Paul Kershaw, Unite housing workers chair
Jack Jeffrey’s article on the Tories’ threats to introduce ‘Right to Buy’ for housing associations mentions that the idea has been mooted previously (see ‘Tories talk up social housing sell-off’).
In fact, it has been suggested in 2005, 2015, 2019 and 2022, but none of the previous attempts came to much. I think there are a few fundamental reasons for this.
First, few workers have enough money or job security to afford to buy their housing association home, even at a discount.
Also, levelling-up secretary Michael Gove says there is no new money for the plans. Therefore, no government compensation for the housing associations. The banks, which finance these property giants, would not like that.

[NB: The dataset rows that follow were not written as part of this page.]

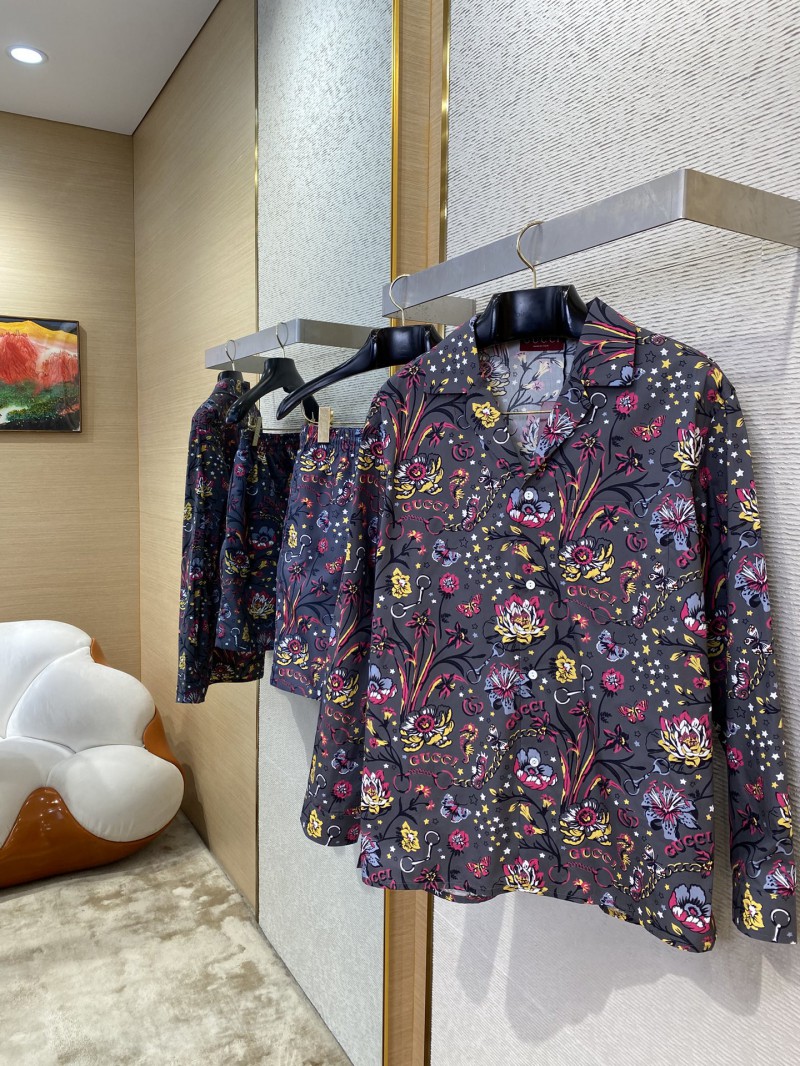 Gucci Floral Print Long Sleeve Shirt 2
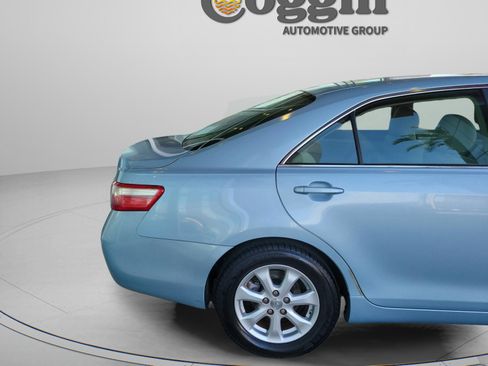 Used 2009 Toyota Camry LE image 5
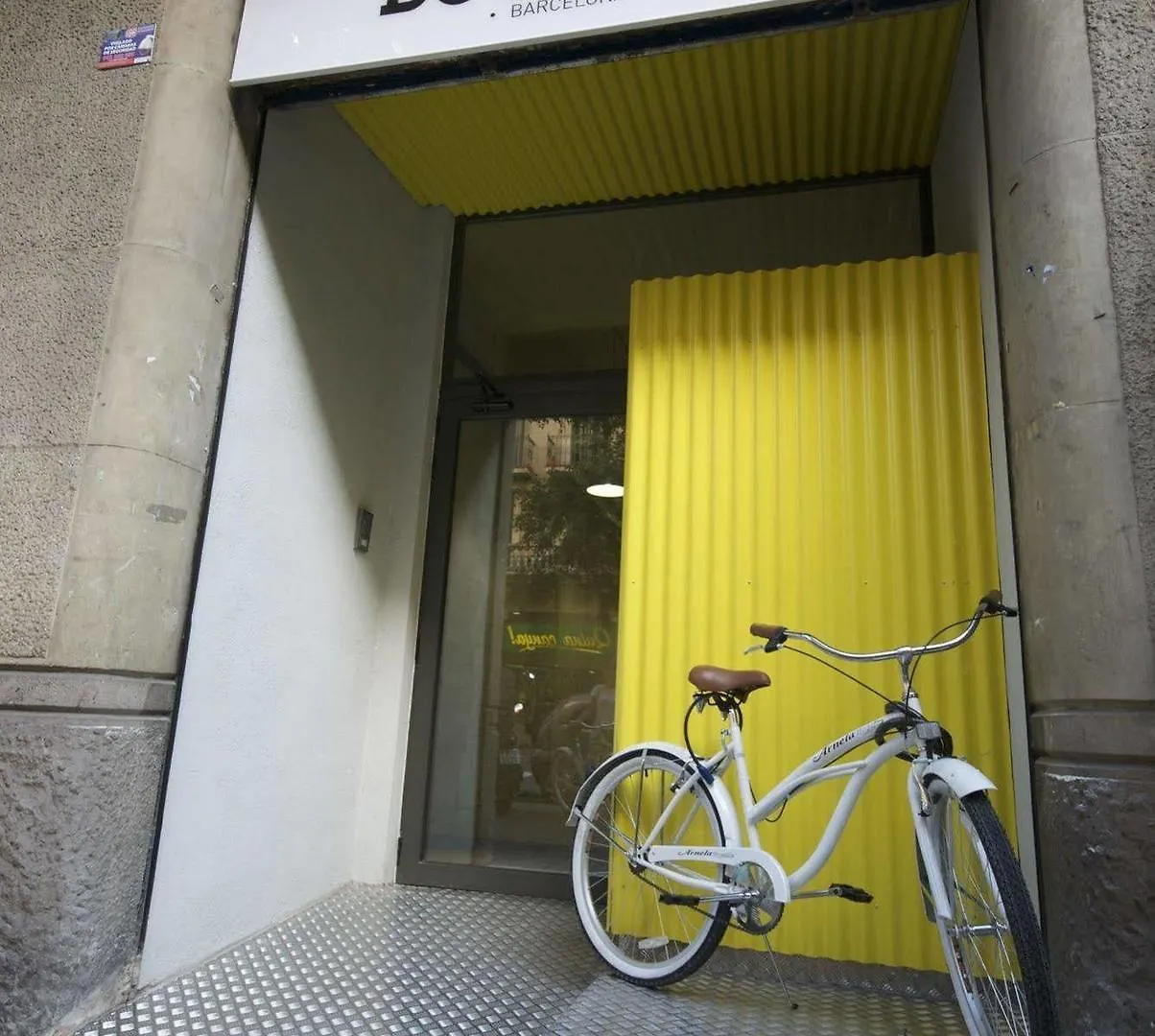 Bed & Bike Barcelona Hostel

Similarly, housing associations are private institutions. For the government to force them to offer discounts selling off property would mean being at odds with rich investors, not something the Tories like to do!
There was a trial of Right to Buy in housing associations a year or two ago. The official evaluation found there were just under 1,900 sales, with an average discount of £65,000 at a cost of £124 million to the government.

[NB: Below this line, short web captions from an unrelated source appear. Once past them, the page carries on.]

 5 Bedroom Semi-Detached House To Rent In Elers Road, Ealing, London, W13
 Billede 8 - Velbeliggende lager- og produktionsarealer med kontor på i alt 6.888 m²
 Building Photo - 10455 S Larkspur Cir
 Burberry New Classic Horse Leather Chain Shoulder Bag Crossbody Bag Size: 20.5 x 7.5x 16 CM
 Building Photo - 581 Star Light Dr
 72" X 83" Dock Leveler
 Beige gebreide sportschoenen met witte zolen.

It estimated that 224,000 housing association homes would be sold across the country over ten years if no limits were placed on demand. Based on the same average discount, that would make the cost to the government, for compensating the housing associations, a cool £14.6 billion. You could build a good number of council homes for that. Not that the government would!
Like Jack pointed out in his article, the announcement is likely to be an empty call to buy some popularity among Tory backbenchers. Still, it remains for us to fight for council homes for the 4.2 million people in need of social housing in England.